From the start of her reign in 1558, Elizabeth I was pressurised into marriage so that there would be an heir to the throne. Even though Elizabeth was Queen, members of the Privy Council still felt that it was their right and duty to persuade Elizabeth that marriage was for the best of the nation. We do know that Elizabeth had a huge sense of duty to her country but whether she ever really intended to get married is open to debate.


Many European rulers would have been very keen to marry Elizabeth for very good reasons. The most obvious candidate would have been Philip of Spain. He had been married to Elizabeth’s half-sister, Mary, and Spain was seen as a friendly nation in 1558. In London many in the Privy Council were fearful that France would rekindle her relationship with Scotland and that England would face threats on two fronts. However, this would not have been so much of an issue if England and Spain were united through marriage, as it would have been France who would have been between the two nations. If Scotland, aided by France had attacked England, Spain would attack France at her weaker southwestern border. This was the insurance that the Privy Council believed England would have if a marriage between Elizabeth and Philip occurred.


However, the very idea of such a marriage between the two appalled many. Just as Elizabeth was pushing through a religious settlement that put Protestantism very much at the forefront in England and Wales, the very idea of marrying a staunch Roman Catholic was unacceptable to many. Second, Philip was a foreigner. The marriage between Mary and Philip had been unpopular among the people for this reason. The very idea that a foreigner might control England or that he might influence policy was also unacceptable to many.


As early as 1558, Count de Feria, the Spanish ambassador in London, wrote to Philip that:


“Everybody thinks that she will not marry a foreigner and they cannot make out whom she favours, so that nearly every day some new cry is raised about a husband.”


Though written in 1558, Feria’s comment was equally applicable to a number of years after while Elizabeth was still a young woman. Pressure to marry not only came from the Privy Council – Parliament put pressure on the Queen. In 1566, Parliament sent a petition to Elizabeth regarding marriage and succession. Her reply was to the point:


“At present it is not convenient; nor never shall be without some peril unto you and certain danger unto me.”


If Philip was an unacceptable choice, there were other European leaders who would have sort the hand of Elizabeth. Eric of Sweden was Protestant and a head of state in his own right. But while he may well have wanted to pursue Elizabeth, it was not reciprocated. Under Gustavus Adolphus, Sweden was to achieve greatness – but during the reign of Elizabeth, Sweden was still seen as a second-rate power and not a nation England would be linked with via marriage.


If Elizabeth had a raft of reasons not to marry a foreigner regardless of religion, there were nobles in England whom she could have married. However, all these men would have been beneath Elizabeth in terms of social rank and it is quite possible that Elizabeth had determined not to marry ‘beneath her’.
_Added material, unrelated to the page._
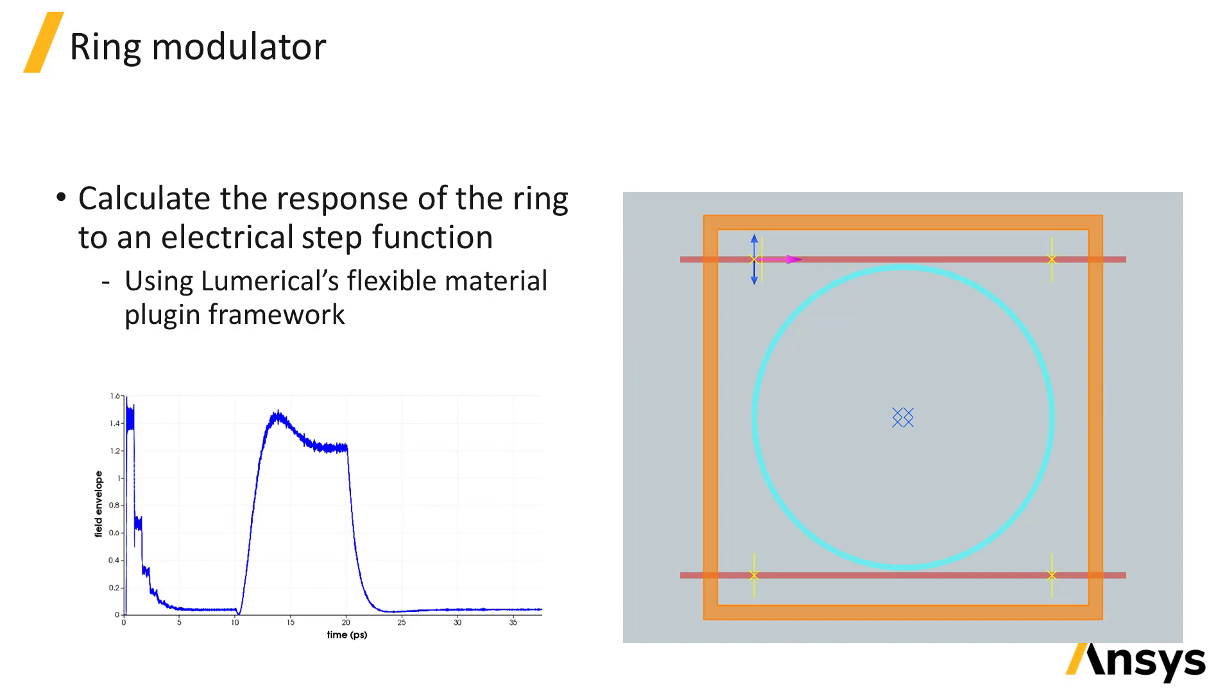A time monitor records the output time signal at the through port of the device. You can see the initial fluctuations as the ring resonance is being established, followed by the low signal, until the step change in the material permittivity where the signal overshoots at the leading edge of the step.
By not marrying Elizabeth failed to produce an heir. We do know that Elizabeth had a huge sense of duty to her people and country, so it must have been a very conscious decision made by Elizabeth not to marry. Negotiations were made with Philip of Spain, Archduke Ferdinand and Archduke Charles – all European and all Catholic. But there does not seem to be any evidence that Elizabeth was keen to marry and that she was merely going through the motions. It could be that her childhood experience of seeing her mother, Anne Boleyn, executed on the orders of her father had tainted her views on marriage. Four stepmothers may well have done the same. Her half-sister’s disastrous marriage could have hardly encouraged Elizabeth that marriage was for her. However, no marriage and no children raised the whole issue of the succession on her death.